I think he is talking about a Red Drum


----------



## Orest (Jul 28, 2003)

*Pete*

See link.

Spottail Bass.

Also known as channel bass, redfish.


----------



## TunaFish (Aug 16, 2001)

*Thanks,*

Fish & Orest,

I should've picked it up. But took the name literally thinking it's a SC fish that prefers warmer water..


----------



## bubba 250 (Aug 22, 2005)

hope you didnt cut up your hands getting bait for the sheepes lets see some more pics for us poor soles that cant be there see you soon i hope tight lines bud


----------



## clinder (Mar 2, 2005)

ill take some picts. and yes a spotails are red drum or redfish or channel bass


----------



## flathead (Dec 18, 2003)

clinder,you catchin' dem sheepies on barnacles ?

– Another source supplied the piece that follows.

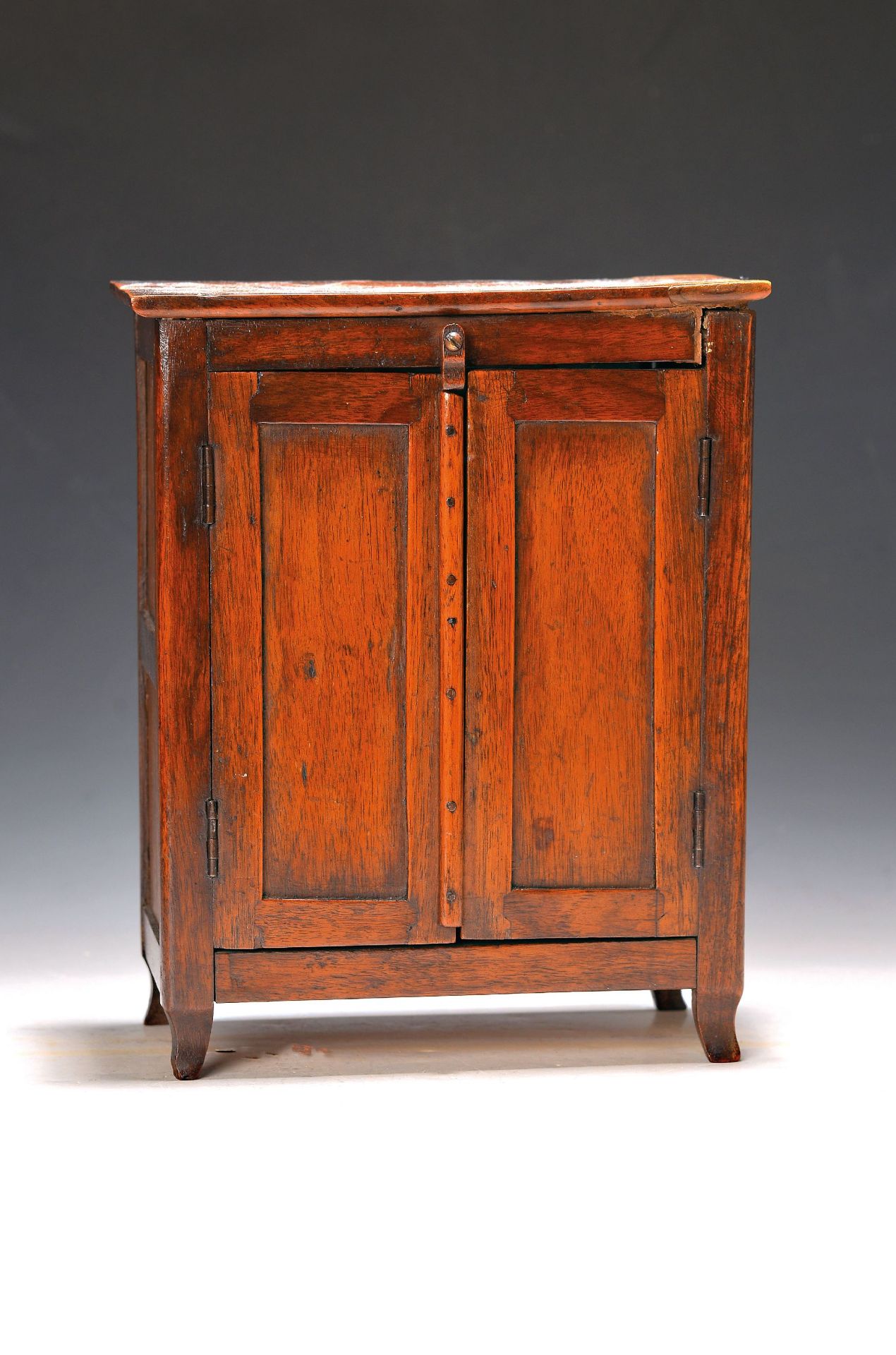 Modellschrank/Puppenmöbel, 19. Jh., Nussbaum massiv,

Friend of mine north of you has a neat rig for getting that bait.Long rope to a bucket with holes in the bottom and another long rope with a sledge hammer tied to it.


----------



## clinder (Mar 2, 2005)

no not barnacles or crabs.


----------



## bigdaddy77 (Jun 16, 2005)

dude i had to take on some side work so keep up the good work so i can live thru you and get my jollies. and hey you can stop by here with a spare sheepie or 2. i like sheepies. 16 hour days are kicking my fat ___!!!!!!


----------



## clinder (Mar 2, 2005)

ill try and drop you a fish or two by


----------



## bigdaddy77 (Jun 16, 2005)

i'm off to the salt mine again damn that santi claws if i catch him this year i'm to use her as cut bait. keep up the great post i'll get to wet a again one day.


----------



## clinder (Mar 2, 2005)

you gonna be able to make it sat.?


----------



## bigdaddy77 (Jun 16, 2005)

i don't know if i don't go ma and pa i will be there. i'll talk to my mom tomorrow and see if she needs me to help out. i hate to work thru some of the best fishing on the season.


----------



## emanuel (Apr 2, 2002)

I might make it up there around Thanksgiving. I'll let y'all know.


----------



## Big Worm (Mar 29, 2005)

BTW the way E. Who dat chica? Huh?


----------



## emanuel (Apr 2, 2002)

Look online for Gaff Magazine. Some fishing articles for FL, but lots of pictures of scantily clad women posing with fish.

http://www.gaffmag.net/

Enjoy!


----------



## johnnyleo11 (Dec 17, 2003)

What happened to that show on ESPN2?


----------



## Big Worm (Mar 29, 2005)

I do remember that show now.


----------